Il ressort des pièces produites que, consécutivement à cette ordonnance, les parties se sont désistées, le 9 mars 2026, de leurs demandes dans le cadre de l’instance pendant devant le tribunal de commerce de Paris à laquelle se réfère, notamment, l’ordonnance rendue par le juge de la mise en état de la juridiction de céans le 30 octobre 2014. Le sursis n’est donc plus justifié de ce chef.
S’agissant de la procédure pénale, il ressort du jugement rendu par le tribunal correctionnel le 10 juillet 2025, qu’étaient, notamment, reprochés à M. [I] des faits d’escroquerie au préjudice de la société [1], commis entre juin et août 2009 à Paris, par l’emploi d’une série de manœuvres frauduleuses ayant notamment consisté à :
— présenter la société [3] comme une société financièrement saine, faiblement endettée, alors que depuis 2009, cette dernière était en défaut de paiement sur une échéance de l’emprunt contracté auprès de [6] ;
— faire valoir que [3] devait se séparer d’un bloc d’auto-contrôle pour permettre son admission imminente sur le compartiment C d'[7] qui n’a jamais eu lieu ;
— promettre un poste d’administrateur ;
— simuler une urgence pour la réalisation de l’opération ;
— recourir à un intermédiaire de confiance pour le crédibiliser,
Et en fournissant comme étant les coordonnées bancaires de [3] les coordonnées d’un compte ouvert à la Caisse des dépôts et consignations au nom de la Selarl [2], notaires, trompe la société [1] pour la déterminer à acquérir 198.958 actions de la société [3] et à effectuer un virement de 4 millions d’euros utilisés pour financer l’acquisition par la SCI [4] d’une villa sise à Saint-Barthélémy et ce, au préjudice de la société [1].
Déclaré coupable de ces faits, M. [I] a été condamné à un emprisonnement délictuel de 5 ans dont 1 an avec sursis et délivrance d’un mandat d’arrêt vu l’absence de M. [I] à l’audience et au paiement d’une amende de 700.000 euros ainsi que, sur le plan civil, au paiement, notamment, de la somme de 4.000.000 euros à la société [1] à titre de dommages et intérêts au titre de son préjudice matériel, cette condamnation civile étant assortie de l’exécution provisoire. M. [I] a interjeté appel de ce jugement
Or, la société [1] sollicite, devant la juridiction de céans, la condamnation de la société [2] à lui payer la somme de 4 millions d’euros, correspondant au montant des sommes par elle payées pour l’acquisition des parts sociales de la société [3] ainsi qu’aux dommages-intérêts à elle alloués par le tribunal correctionnel.

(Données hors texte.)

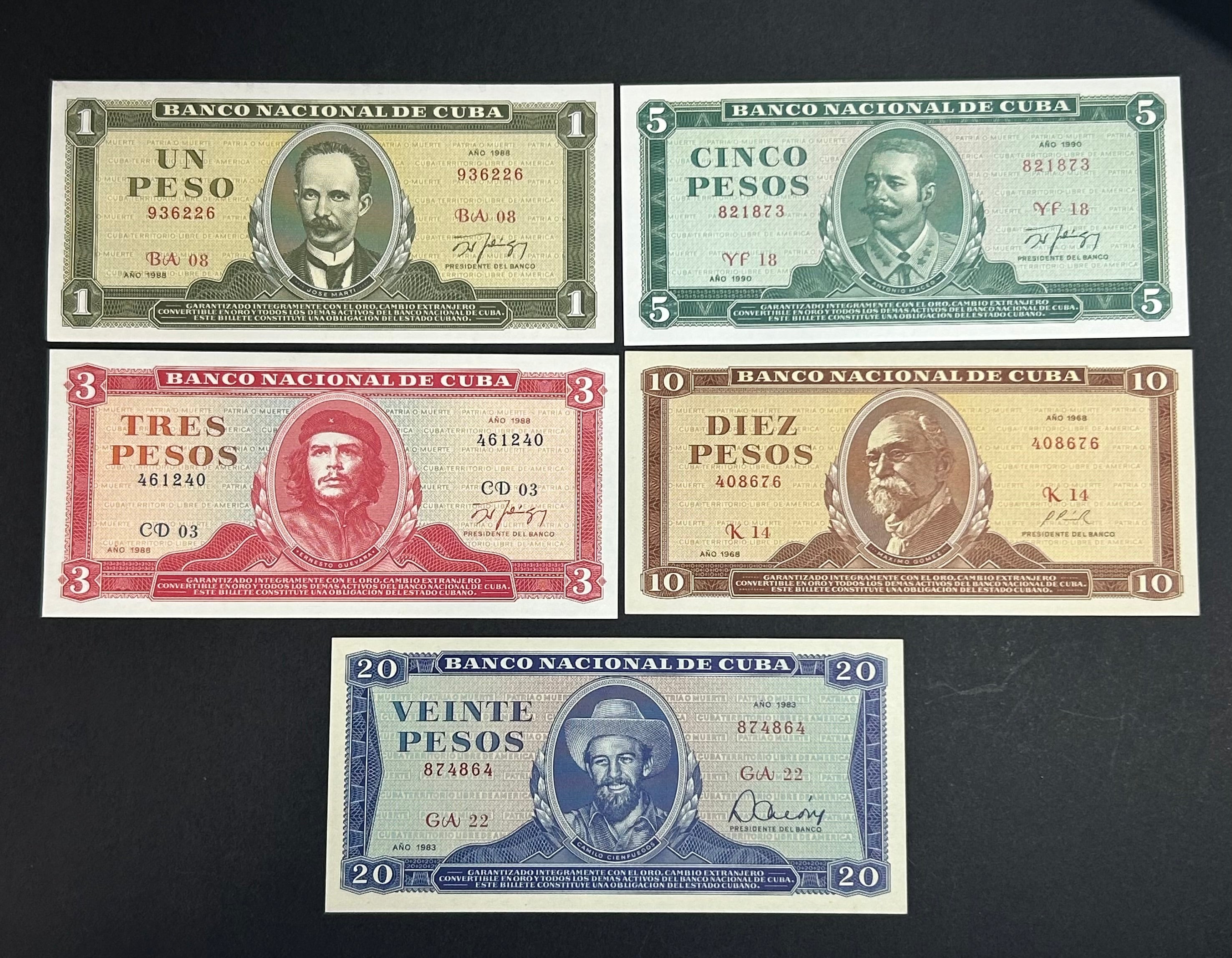 1968-1990 Set 1 - 20 Pesos Checos AU-UNC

Il résulte de ces éléments que l’appréciation du préjudice dont la société [1] sollicite l’indemnisation devant la juridiction de céans est liée à l’appréciation du préjudice matériel de cette société dont elle se prévaut à l’encontre de M. [I] dans le cadre de la procédure pénale engagée à l’encontre de ce-dernier, pendante devant la cour d’appel de Paris consécutivement à l’appel interjeté à l’encontre du jugement rendu le 10 juillet 2025 par le tribunal correctionnel, qui a faitl’objet d’une condamnation à paiement assortie de l’exécution provisoire.
En conséquence, dans l’attente d’une décision pénale définitive, une bonne administration de la justice commande de maintenir le sursis ordonné par décision du 30 octobre 2014.
Les dépens et les demandes au titre des frais irrépétibles seront réservés.
PAR CES MOTIFS,
Le juge de la mise en état,
ORDONNE la poursuite du sursis à statuer ordonné par ordonnance du juge de la mise en état du 30 octobre 2014 dans l’attente d’une décision pénale définitive dans le cadre de la procédure pénale engagée à l’encontre de M. [N] [I] du chef, notamment, d’escroquerie au préjudice de la société [1] ;
RENVOIE l’affaire à l’audience de mise en état du 19 novembre 2026 à 9 heures 30 pour faire le point sur le dossier et la cause du sursis ;
RÉSERVE les dépens et les demandes formées au titre des frais irrépétibles.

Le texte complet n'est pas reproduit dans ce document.